● **LISTED ENTRIES**
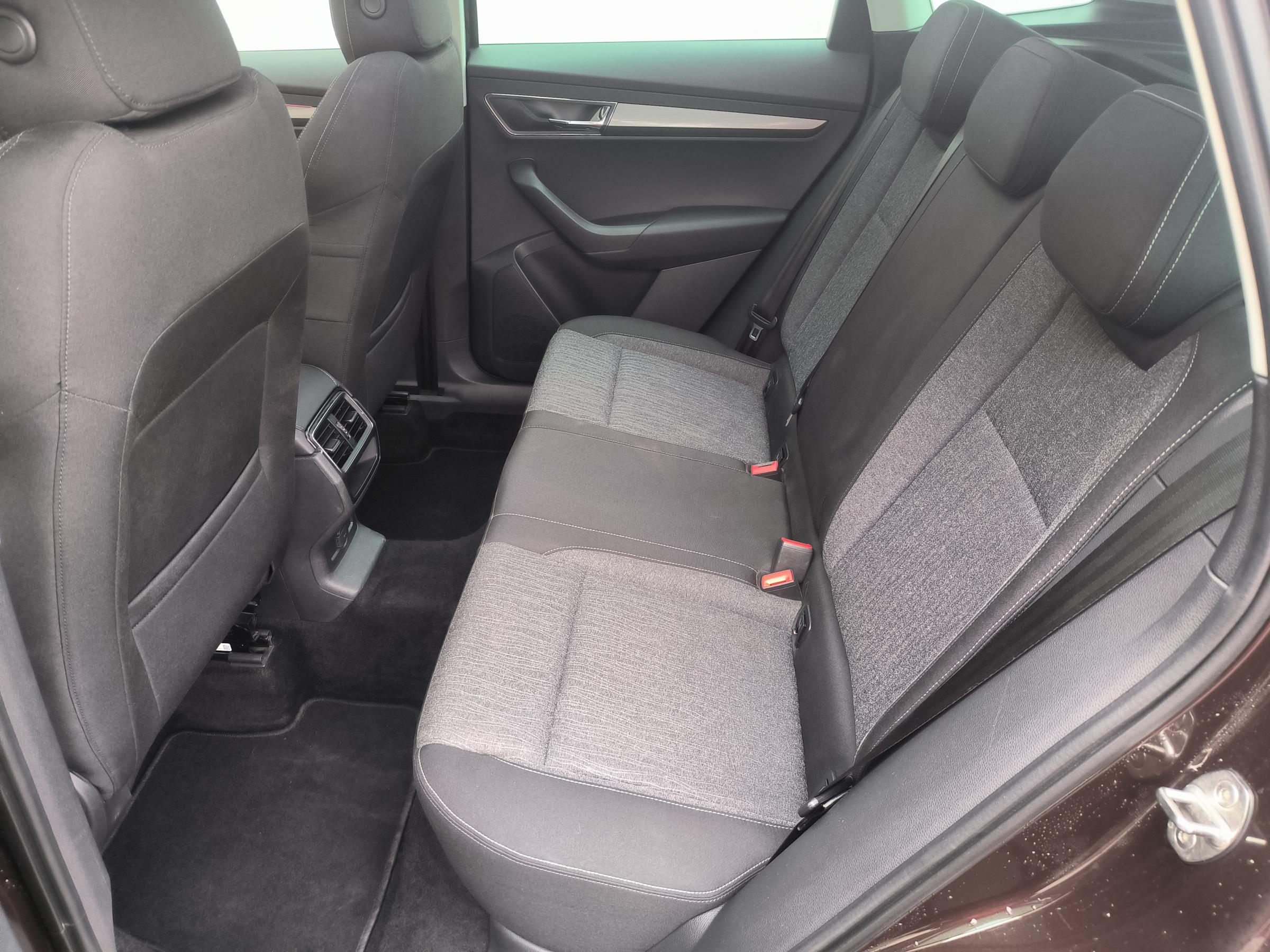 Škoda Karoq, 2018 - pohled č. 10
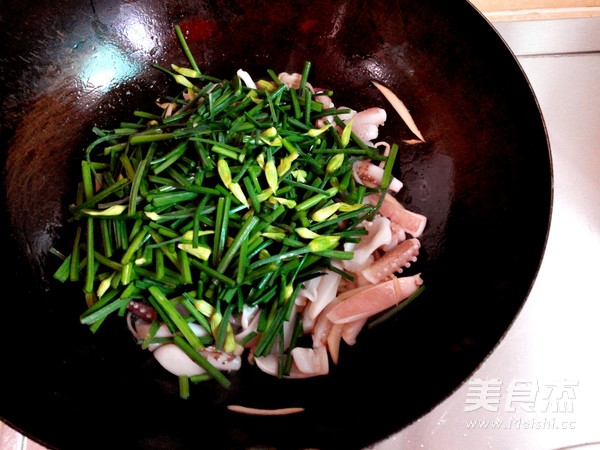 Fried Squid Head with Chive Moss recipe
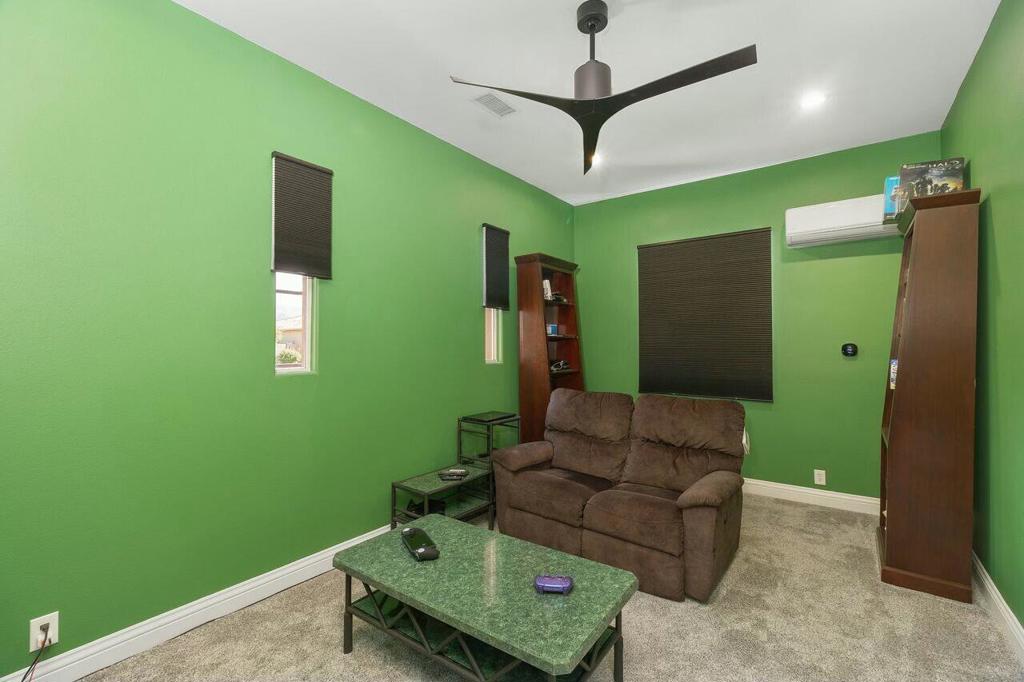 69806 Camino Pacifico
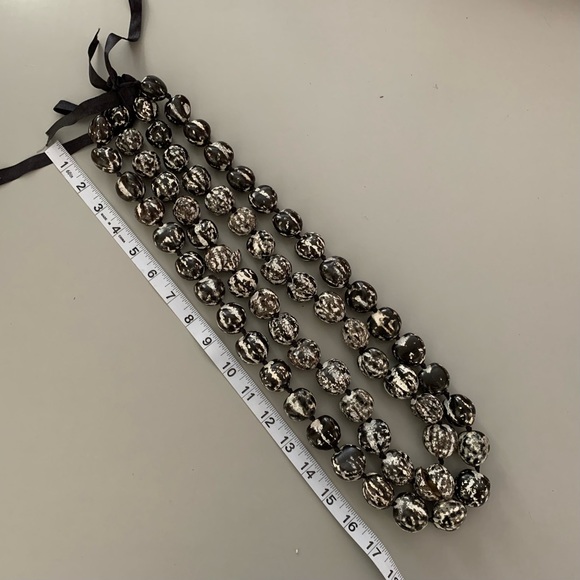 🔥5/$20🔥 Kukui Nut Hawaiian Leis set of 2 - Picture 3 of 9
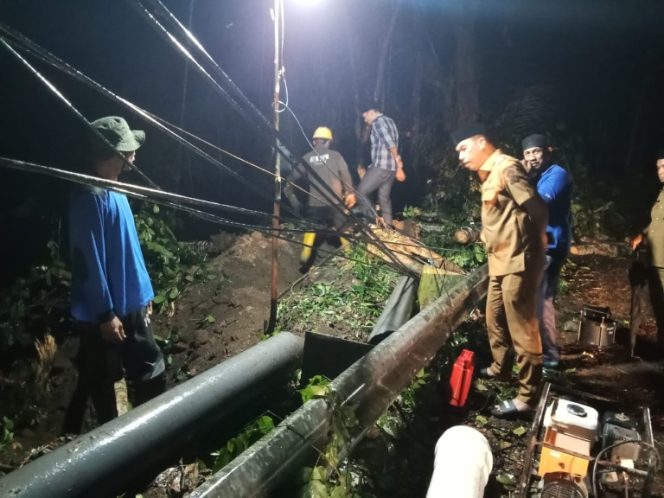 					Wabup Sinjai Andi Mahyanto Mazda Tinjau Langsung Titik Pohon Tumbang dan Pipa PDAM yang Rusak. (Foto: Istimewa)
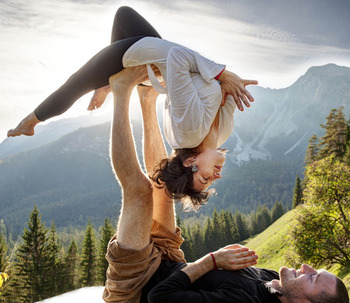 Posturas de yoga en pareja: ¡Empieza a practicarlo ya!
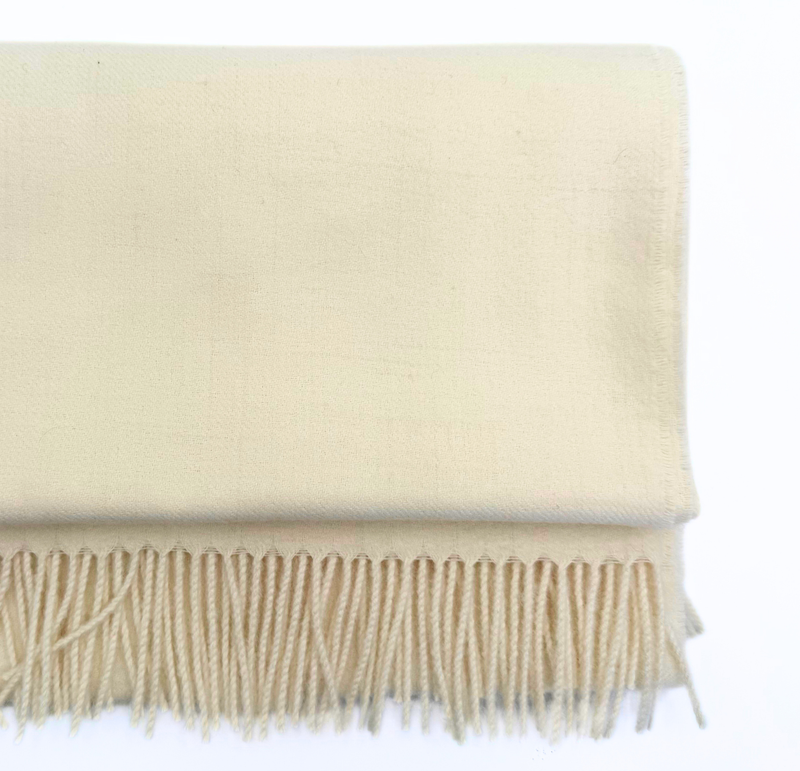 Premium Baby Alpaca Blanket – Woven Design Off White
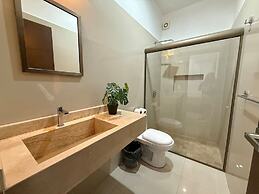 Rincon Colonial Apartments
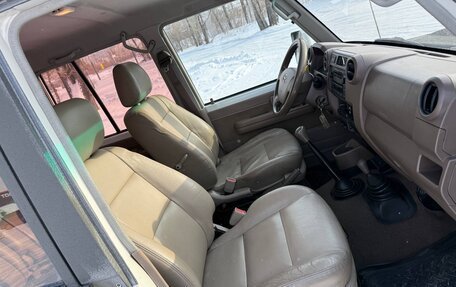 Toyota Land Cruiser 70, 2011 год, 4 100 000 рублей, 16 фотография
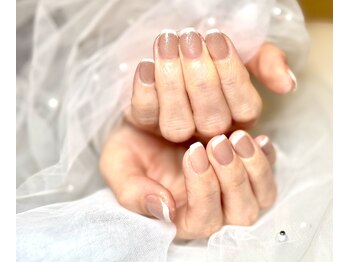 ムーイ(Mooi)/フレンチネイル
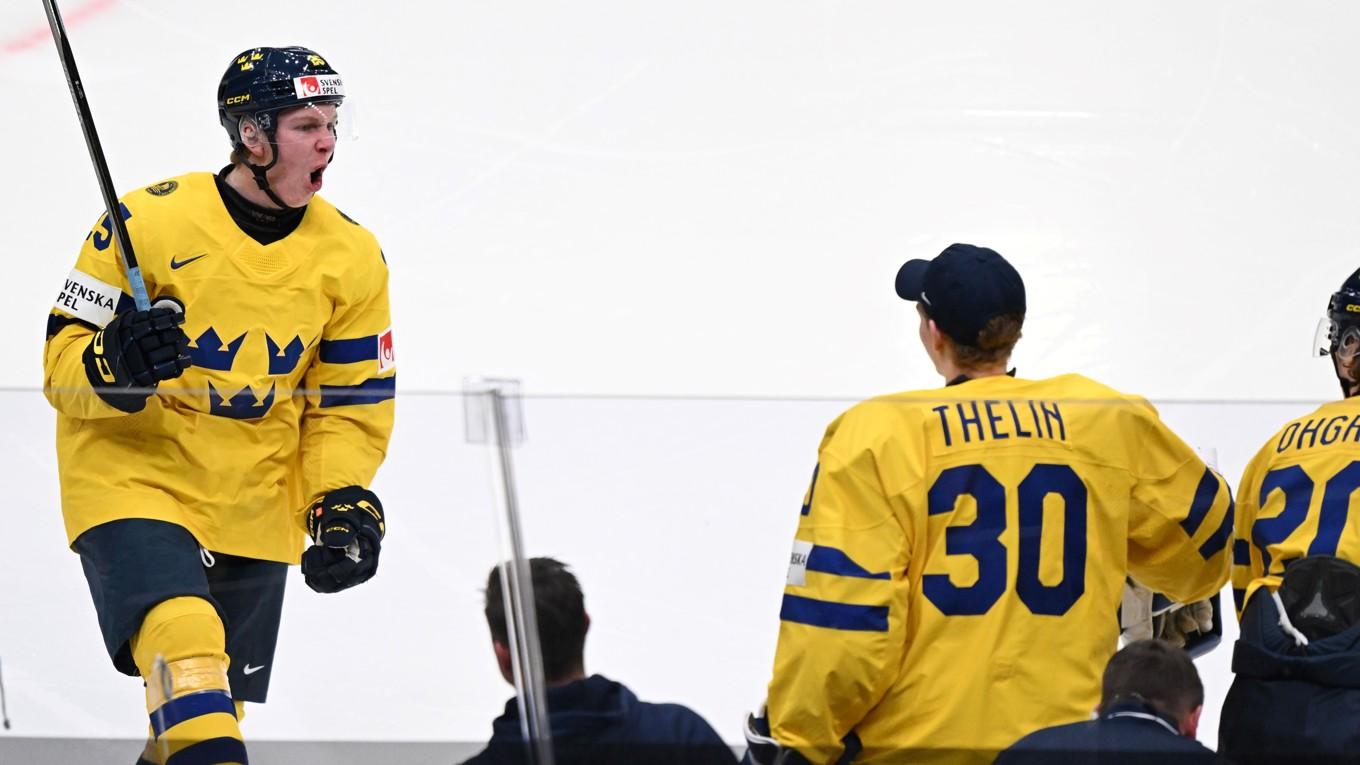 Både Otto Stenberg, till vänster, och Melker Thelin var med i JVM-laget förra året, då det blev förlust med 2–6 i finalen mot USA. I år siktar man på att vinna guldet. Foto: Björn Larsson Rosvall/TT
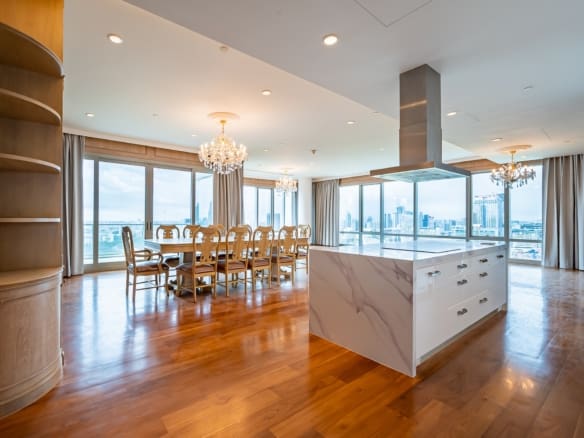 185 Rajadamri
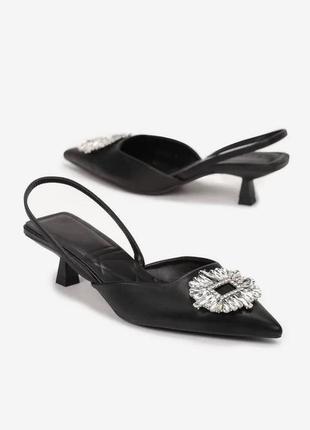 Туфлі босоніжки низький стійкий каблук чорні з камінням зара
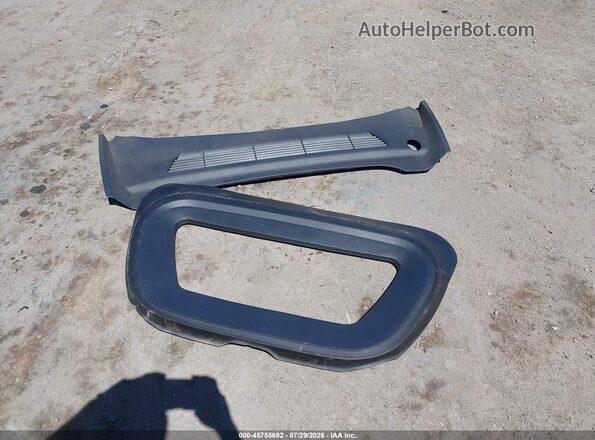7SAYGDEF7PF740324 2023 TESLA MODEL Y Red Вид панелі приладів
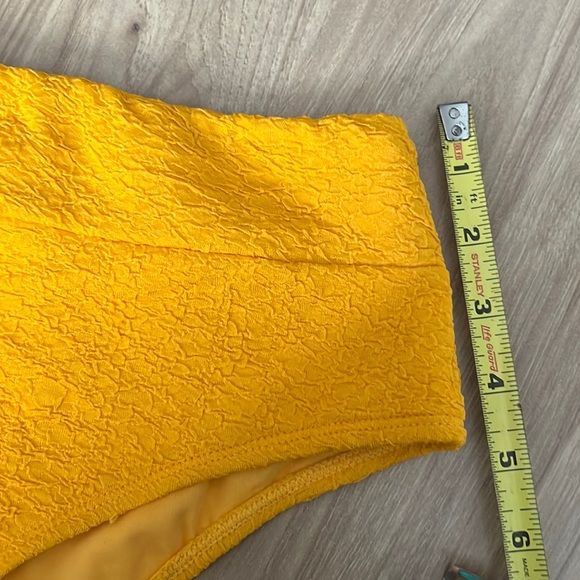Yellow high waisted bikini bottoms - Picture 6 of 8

● **WHAT THE EXERCISE ASKS**
What is needed is an exact copy of the lines above, from the one holding "ムーイ(Mooi)/フレンチネイル" down to the one holding "Туфлі босоніжки низький", with those two included and the pictures left out.

● **RESULT FOR THIS TASK**
 ムーイ(Mooi)/フレンチネイル
 Både Otto Stenberg, till vänster, och Melker Thelin var med i JVM-laget förra året, då det blev förlust med 2–6 i finalen mot USA. I år siktar man på att vinna guldet. Foto: Björn Larsson Rosvall/TT
 185 Rajadamri
 Туфлі босоніжки низький стійкий каблук чорні з камінням зара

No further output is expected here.